It is not just spoken words that can be incorporated into a eulogy. Use your lifetime of memories of the one being eulogized to help bring the eulogy to life. You can do this by mentioning what he liked to do, funny things that he said or even a memorable faux pas that he made. Each of those can add another layer to the eulogy and will help those gathered to learn something about him that they did not know.
A very effective writing tool is to use a memory as a thread that runs through the eulogy. This will help to tie the whole thing together, making it even more impactful and memorable. Below is a brief example of how to use a memory in this way.
In the opening paragraph:
When we were kids, he always had to be first. First at the table. First to the school bus.

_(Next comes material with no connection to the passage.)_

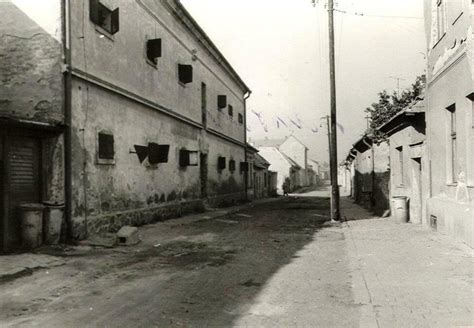 Fotografia ulice alebo sídliska pomenovaného po Tiborovi Csurovi vo Veľkej Blh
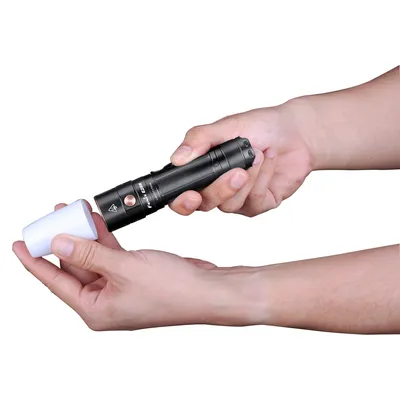 Dyfuzor biały Fenix AOD-S V2.0  mały (AOD-S V2.0 white) to urządzenie przeznaczone do rozpraszania światła i dedykowane latarkom Fenix z głowicami o średnicy od 21 mm do 26,5 mm. Na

First to the pile of presents under the Christmas tree.
About halfway through the eulogy:
One of the reasons that he loved being first was that he’d be able to have something to teach those of us who showed up later. If he got the Christmas tree first, he could say “Your presents are over there!” If he got to the table first, he could say “You won’t like the vegetables tonight!” He loved to have a bit of knowledge that the rest of us didn’t have yet.
In the closing paragraph:
He loved to be first. Now, he is first to pass from this life. I believe that he is waiting for us, and will greet us with that big grin, and an eagerness to show us all around his wonderful new home.
Of course, a brief mention of a memory can be just as meaningful. Just be careful not to weigh down the eulogy with a long list of memories. Instead, choose one or two of your favorites and incorporate them in such a way that they flow well with the rest of the eulogy.

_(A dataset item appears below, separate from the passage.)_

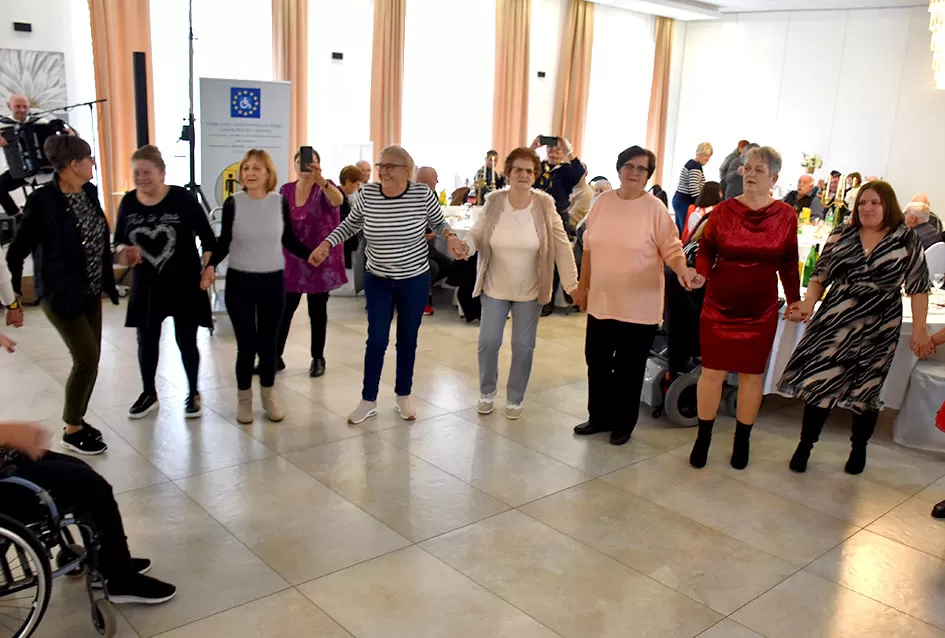 Blagoslovljeno i javnosti predstavljeno novo, prilagođeno vozilo za osobe s invaliditetom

If you are delivering a eulogy, it is likely that you were quite close to the person who died. This can make it difficult to deliver the eulogy without being overcome by emotion. Of course, some measure of emotion is expected, but if you become too emotional, you may be unable to finish the eulogy, and may regret this down the road.

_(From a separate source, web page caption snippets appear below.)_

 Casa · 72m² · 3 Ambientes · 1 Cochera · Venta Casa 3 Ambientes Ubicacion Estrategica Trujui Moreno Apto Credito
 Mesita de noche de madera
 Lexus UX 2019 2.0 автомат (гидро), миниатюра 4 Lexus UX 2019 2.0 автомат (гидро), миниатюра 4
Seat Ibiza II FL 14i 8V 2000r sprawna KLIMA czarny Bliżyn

While there is no way to avoid feeling the pain that goes along with such an occasion, there are steps that you can take to help prevent becoming so emotional that you cannot deliver the entire eulogy.
- Read it Over and Over
One of the best tips to avoid becoming overly emotional is to read your eulogy over and over again. Read it out loud several times prior to the funeral. The reason for this is that doing so will help you to become a bit numb to the words.
Most eulogies contain phrasing that will stir up emotions, especially when heard for the first time. If you can read the eulogy out loud several times, the words may lose a bit of their impact and make it easier for you to get through the entire eulogy without breaking down.
- Avoid Eye Contact
While public speaking classes will teach that you should make eye contact, if you are trying to avoid becoming emotional, it is best to avoid this. Just look at the audience in general, while avoiding eye contact with any one person.
Of course, this advice is intended for those who are concerned they will become overly emotional. If this is not a problem for you then it is perfectly appropriate to make eye contact with those in attendance.
- Speak Slowly
When you concentrate on speaking slowly, that can help to lessen the chances that you will become terribly emotional. The reason is simply that you are focusing on your speech patterns rather than on the actual words that you are saying.
Funerals are an emotional time. There are no tips that will help every single person to avoid becoming emotional when delivering a eulogy. Just remember that the words that you will say are with the intent to honor the person that you have lost. For that reason, it is important that you do all that you can to be able to deliver the entire eulogy in a way that those in attendance can understand.
Use the above tips to save your emotions for the time after the eulogy has been delivered. This is not always easy, but it is worth it in order to be able to deliver the eulogy and in that way pay your respects to the one you have lost.